Bem se poderia parafrasear: primeiro viver, depois poetar.

- E por que acha que faz poesia?

Talvez porque a única coisa que sei, e sei mal, sou eu mesmo. Se ninguém gostasse de minha poesia ainda assim a faria. Pois nasci para isso. Não é tanto que eu goste de minha poesia, mas porque preciso dela, o que talvez venha a ser a mesma coisa.

Mas, o fato é que, sem minha poesia., ficaria doente, como um índio confinado numa cela, sem sua selva, seus rios, seus pássaros, sua liberdade. Me encontro nela como peixe no mar. Ela me dá a impressão de que não é só do meu espírito, mas do corpo também. Eu a sinto, quase fisicamente.
Os artistas são como as cigarras: estas, morrem de tanto cantar; nós, se não contarmos, morreremos.

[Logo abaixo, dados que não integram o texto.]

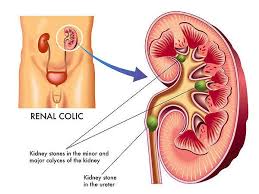 Pin On Home Remedies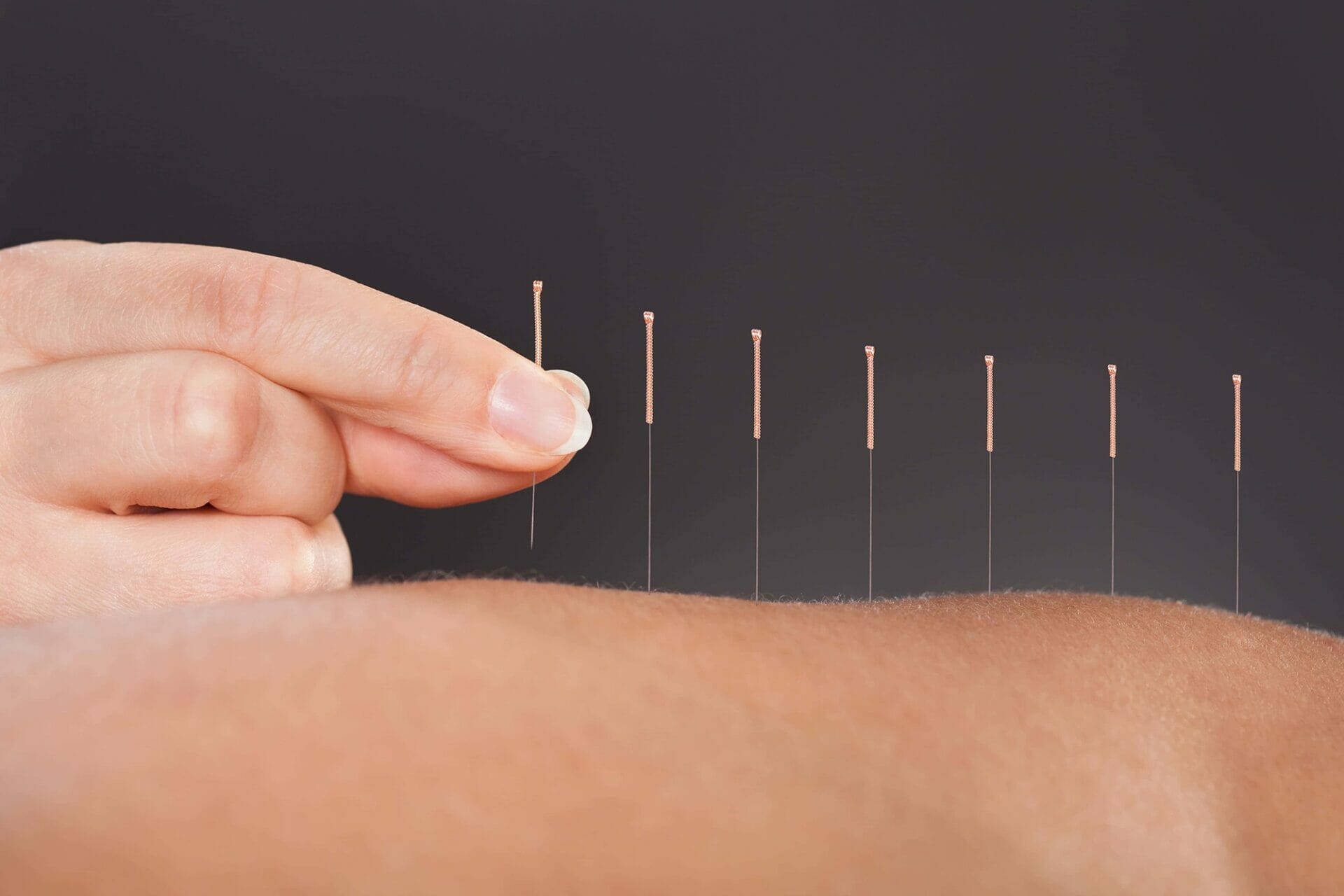 Acupuncture Emsworth Physio Logical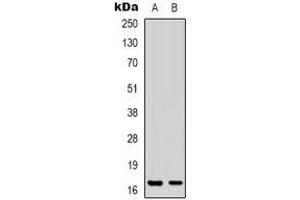 Western blot analysis of CPI17 expression in Jurkat (A), HT29 (B) whole cell lysates. (CPI-17 antibody  (N-Term))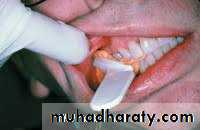 Interocclusal Record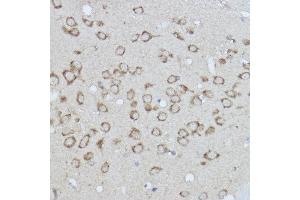 Immunohistochemistry of paraffin-embedded rat spleen using /IB Rabbit pAb (2391) at dilution of 1:50 (40x lens).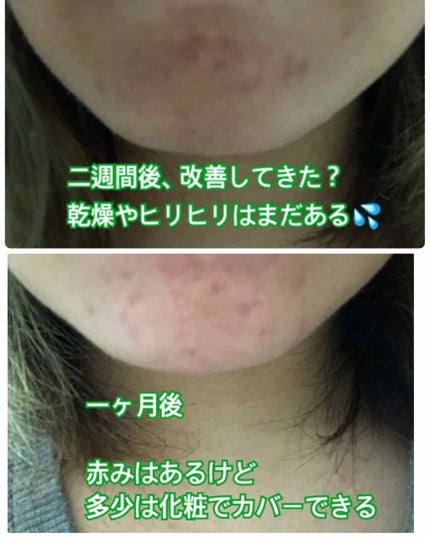 DHC マルチビタミン/DHC/美容サプリメントを使ったクチコミ(4枚目)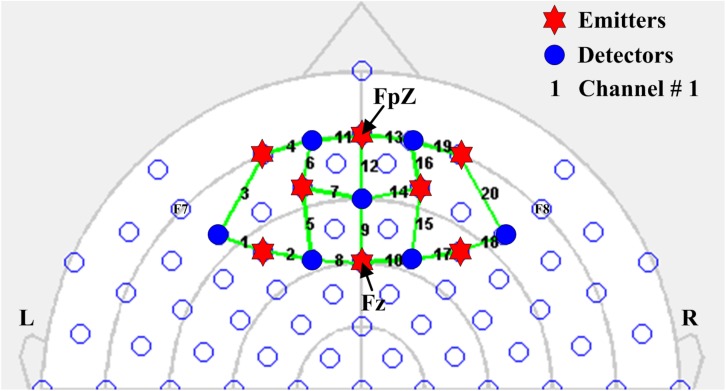 FIGURE 2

- É fácil ou difícil fazer versos?

Fácil, ou impossível. Impossível, no sentido de ser.
Você pode se tornar um pianista, nunca um "virtuoso". Você pode aprender a fazer versos, nunca a ser poeta. Poesia não é só construção. Se não, poderíamos abrir uma escola para poetas, como há uma escola de Engenharia ou de Direito. E é preciso que se diga isto, quando há uns poetas por aí negando-se a si mesmos.

Quanto a mim, já respondi:
Eu faço versos assim,
como quem respira ou canta
a poesia nasce em mim,
como do chão nasce a planta.

- Gosta do que faz?

É como se me perguntasse se gosto de rir, ou de chorar. Gosto de cantar, de mataborrar minha alegria ou minha dor em versos. Poderia até responder numa quadrinha:
Eu faço versos assim
como quem ri, ou quem chora,
e ao arrancá-los de mim
fico nú e vou-me embora. .

- Que acha de sua obra?

Seria difícil responder, de dentro dela, onde me encontro.Faltam-me isenção e perspectiva. Mas sou um velho fazedor de versos, que em suas releituras muita vez não se reconhece em sua própria obra.
Somos tantos afinal, em nós mesmos, em mortes e renascimentos que nos acabam e nos multiplicam. Mas seria um pai desnaturado se não gostasse do que nasce de mim, com todas as qualidades e defeitos que são os meus.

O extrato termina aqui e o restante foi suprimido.